Segment Start: Data supplied
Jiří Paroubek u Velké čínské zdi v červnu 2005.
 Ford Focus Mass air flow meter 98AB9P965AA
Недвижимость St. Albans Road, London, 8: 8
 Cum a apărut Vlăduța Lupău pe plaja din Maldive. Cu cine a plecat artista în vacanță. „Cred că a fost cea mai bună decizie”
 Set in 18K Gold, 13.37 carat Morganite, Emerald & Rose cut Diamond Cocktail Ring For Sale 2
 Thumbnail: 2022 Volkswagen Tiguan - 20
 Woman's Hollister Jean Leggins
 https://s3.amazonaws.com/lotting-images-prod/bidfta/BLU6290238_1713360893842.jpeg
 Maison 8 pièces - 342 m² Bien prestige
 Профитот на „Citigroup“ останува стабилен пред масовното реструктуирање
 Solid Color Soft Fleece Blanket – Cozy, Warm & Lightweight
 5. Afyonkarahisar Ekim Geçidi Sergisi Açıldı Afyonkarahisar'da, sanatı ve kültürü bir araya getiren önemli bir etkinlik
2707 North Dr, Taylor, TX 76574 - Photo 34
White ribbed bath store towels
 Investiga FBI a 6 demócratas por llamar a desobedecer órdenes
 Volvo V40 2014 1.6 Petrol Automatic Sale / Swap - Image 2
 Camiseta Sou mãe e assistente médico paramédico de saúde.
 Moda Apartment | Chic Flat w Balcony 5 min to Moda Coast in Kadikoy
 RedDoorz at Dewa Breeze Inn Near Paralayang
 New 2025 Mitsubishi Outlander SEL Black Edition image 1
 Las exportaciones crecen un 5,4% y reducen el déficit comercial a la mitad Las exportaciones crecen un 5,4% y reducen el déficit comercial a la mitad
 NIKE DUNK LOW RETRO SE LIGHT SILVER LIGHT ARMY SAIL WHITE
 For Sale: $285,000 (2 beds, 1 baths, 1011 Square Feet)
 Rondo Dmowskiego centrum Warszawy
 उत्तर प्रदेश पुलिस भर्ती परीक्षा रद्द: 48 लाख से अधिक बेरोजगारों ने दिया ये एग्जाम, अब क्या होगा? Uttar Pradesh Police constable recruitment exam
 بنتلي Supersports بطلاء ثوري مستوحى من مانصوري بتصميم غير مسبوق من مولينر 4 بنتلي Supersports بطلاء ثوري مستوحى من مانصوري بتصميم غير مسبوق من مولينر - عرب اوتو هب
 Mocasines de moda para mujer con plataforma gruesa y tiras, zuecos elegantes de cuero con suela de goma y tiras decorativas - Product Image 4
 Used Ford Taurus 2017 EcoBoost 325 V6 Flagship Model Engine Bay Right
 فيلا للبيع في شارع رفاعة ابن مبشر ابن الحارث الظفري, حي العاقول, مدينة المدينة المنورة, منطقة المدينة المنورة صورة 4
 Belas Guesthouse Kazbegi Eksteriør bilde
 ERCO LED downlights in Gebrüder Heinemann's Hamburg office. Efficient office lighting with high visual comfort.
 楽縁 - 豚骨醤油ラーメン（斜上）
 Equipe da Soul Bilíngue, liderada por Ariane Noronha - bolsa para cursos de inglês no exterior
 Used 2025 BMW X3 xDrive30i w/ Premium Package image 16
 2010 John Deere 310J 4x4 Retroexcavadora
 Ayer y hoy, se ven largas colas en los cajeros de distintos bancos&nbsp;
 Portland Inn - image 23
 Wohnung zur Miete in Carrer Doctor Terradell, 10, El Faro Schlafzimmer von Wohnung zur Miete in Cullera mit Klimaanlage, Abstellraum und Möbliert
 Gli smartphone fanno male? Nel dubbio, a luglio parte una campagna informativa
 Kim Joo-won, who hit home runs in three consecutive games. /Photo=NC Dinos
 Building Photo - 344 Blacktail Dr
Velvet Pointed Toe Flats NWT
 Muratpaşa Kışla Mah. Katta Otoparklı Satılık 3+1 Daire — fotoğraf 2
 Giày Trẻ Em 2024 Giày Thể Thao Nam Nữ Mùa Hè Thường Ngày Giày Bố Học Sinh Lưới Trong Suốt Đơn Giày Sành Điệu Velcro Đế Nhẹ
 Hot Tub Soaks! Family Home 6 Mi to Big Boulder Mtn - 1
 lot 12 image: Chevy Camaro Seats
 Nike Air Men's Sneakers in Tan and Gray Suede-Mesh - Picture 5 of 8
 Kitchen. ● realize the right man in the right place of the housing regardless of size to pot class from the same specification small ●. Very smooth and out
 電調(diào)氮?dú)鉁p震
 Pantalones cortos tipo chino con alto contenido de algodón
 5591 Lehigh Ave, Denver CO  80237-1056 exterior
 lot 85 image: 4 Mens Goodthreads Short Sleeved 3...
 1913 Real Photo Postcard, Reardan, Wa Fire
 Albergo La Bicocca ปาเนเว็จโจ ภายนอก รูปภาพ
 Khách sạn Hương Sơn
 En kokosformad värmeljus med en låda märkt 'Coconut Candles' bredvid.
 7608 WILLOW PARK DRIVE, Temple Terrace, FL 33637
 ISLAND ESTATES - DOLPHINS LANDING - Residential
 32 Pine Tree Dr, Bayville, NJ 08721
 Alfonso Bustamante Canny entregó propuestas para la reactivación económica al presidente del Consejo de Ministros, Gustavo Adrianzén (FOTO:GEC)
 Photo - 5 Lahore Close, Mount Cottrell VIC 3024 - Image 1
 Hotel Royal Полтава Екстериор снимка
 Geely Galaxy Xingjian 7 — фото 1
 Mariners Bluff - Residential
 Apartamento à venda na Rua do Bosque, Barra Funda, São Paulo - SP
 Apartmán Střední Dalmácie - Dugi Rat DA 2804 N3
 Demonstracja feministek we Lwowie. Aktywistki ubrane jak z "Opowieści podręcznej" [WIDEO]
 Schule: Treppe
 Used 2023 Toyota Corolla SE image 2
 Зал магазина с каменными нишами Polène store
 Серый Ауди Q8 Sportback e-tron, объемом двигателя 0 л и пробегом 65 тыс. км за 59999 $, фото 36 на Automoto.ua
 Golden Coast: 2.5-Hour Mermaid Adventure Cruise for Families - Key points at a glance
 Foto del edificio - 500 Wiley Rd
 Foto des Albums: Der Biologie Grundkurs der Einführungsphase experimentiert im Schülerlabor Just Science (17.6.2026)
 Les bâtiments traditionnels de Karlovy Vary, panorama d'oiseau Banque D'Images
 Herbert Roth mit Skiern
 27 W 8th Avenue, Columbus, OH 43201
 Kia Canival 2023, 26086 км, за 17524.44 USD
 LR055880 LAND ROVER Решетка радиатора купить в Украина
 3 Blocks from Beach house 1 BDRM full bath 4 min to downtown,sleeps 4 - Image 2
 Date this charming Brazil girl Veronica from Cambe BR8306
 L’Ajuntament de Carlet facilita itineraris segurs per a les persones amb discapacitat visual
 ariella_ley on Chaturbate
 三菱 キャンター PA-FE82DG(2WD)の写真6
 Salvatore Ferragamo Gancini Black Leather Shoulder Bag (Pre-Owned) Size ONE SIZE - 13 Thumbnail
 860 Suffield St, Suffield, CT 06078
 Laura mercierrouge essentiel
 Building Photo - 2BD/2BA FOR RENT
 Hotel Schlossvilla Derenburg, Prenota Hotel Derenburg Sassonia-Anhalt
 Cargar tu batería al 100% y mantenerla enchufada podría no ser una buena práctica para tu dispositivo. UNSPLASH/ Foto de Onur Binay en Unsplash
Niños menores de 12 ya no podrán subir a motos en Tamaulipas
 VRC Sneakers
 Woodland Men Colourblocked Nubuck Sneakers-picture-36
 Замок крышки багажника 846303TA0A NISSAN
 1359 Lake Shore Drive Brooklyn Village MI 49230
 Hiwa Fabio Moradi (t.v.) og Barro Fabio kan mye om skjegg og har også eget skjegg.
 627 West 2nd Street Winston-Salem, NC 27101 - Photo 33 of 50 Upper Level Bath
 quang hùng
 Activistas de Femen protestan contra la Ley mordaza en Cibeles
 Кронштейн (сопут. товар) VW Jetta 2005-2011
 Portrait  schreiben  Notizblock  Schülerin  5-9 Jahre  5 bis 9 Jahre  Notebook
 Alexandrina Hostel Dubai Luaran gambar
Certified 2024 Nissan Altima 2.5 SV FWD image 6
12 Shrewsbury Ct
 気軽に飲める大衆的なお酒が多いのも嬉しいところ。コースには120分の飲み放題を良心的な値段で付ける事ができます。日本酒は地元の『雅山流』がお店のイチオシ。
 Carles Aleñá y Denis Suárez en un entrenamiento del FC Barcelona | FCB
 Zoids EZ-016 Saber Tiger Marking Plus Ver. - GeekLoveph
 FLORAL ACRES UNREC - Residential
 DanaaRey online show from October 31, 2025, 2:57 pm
Segment End: Data supplied
Transcribe, exactly and without additions, the lines of the records above, beginning with the line that contains "Woodland Men Colourblocked" and ending with the line that contains "bis 9 Jahre", both included.

__Exercise result__:
 Woodland Men Colourblocked Nubuck Sneakers-picture-36
 Замок крышки багажника 846303TA0A NISSAN
 1359 Lake Shore Drive Brooklyn Village MI 49230
 Hiwa Fabio Moradi (t.v.) og Barro Fabio kan mye om skjegg og har også eget skjegg.
 627 West 2nd Street Winston-Salem, NC 27101 - Photo 33 of 50 Upper Level Bath
 quang hùng
 Activistas de Femen protestan contra la Ley mordaza en Cibeles
 Кронштейн (сопут. товар) VW Jetta 2005-2011
 Portrait  schreiben  Notizblock  Schülerin  5-9 Jahre  5 bis 9 Jahre  Notebook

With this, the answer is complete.